Locals Are Still Surfing In Fukushima (Despite Radiation)
“I put on sunscreen against the sun, but I haven’t found anything against radiation.”
It’d be difficult to forget the devastating Fukushima disaster of 2011. March 11 saw Japan hit with a magnitude 9.0 earthquake, which then generated a tsunami off the coast, killing 18,500 people. The wave also hit the Daaichi nuclear power plant, causing a level-7 catastrophe equivalent to the Chernobyl nuclear meltdown. All in all, a brutal time for the country.
The resulting radiation contamination was… wild. Over the last five years, around 50,000 people have worked continually to decontaminate the plant and stop the leaks (they remove between five and 30cm of contaminated soil every day, placing it in plastic bags, which are then stored on the outskirts of town until they can figure out a better solution.

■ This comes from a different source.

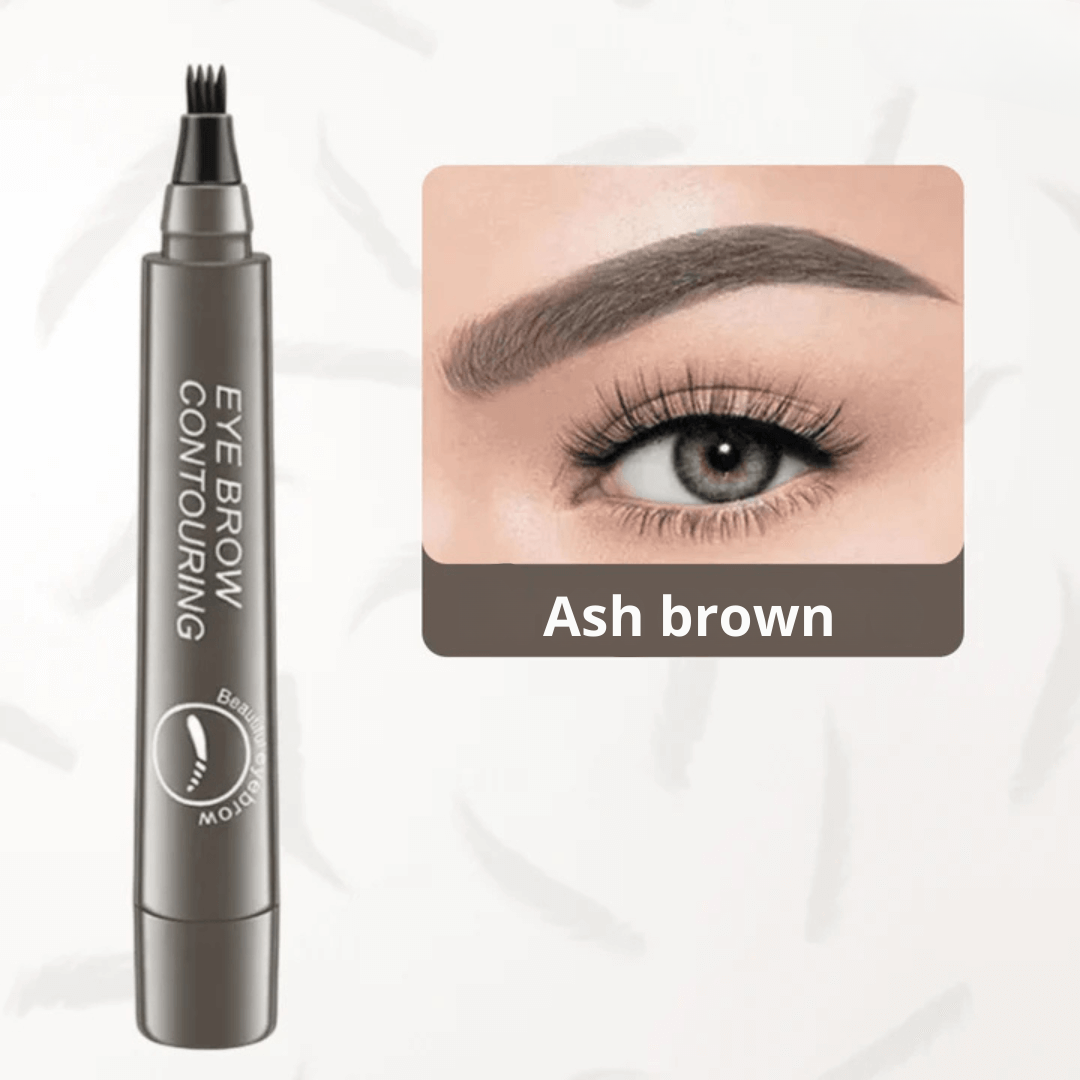 VisiBrow™ — Effortless, Pain-Free Brows That Command Every Room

Yeah, radiation sure is a tricky sonofabitch).
Despite of all this, surfers still paddle out daily at Tairatoyama beach, a prefecture of Fukushima 50 clicks from the nuclear plant, even though radiation is still present in the water and sand, and hundreds of bags of contaminated sand are piled on the beach.
“I put on sunscreen against the sun, but I haven’t found anything against radiation,” one surfer told Al Jazeera.
“I come to Tairatoyoma beach and surf several times a week,” says another local. “It’s my passion. I can’t stop surfing.”
I can feel that. But, radiation is savage: An employee of the nuclear plant said that he’d never swim at Tairatoyoma because the water is too contaminated – five of his friends who work at the plant now suffer from brain damage. Though, that’s done nothing to change the mentality of the local surf populous: “We will only know the true consequences of our time in the water 20 years from now,” believes one local.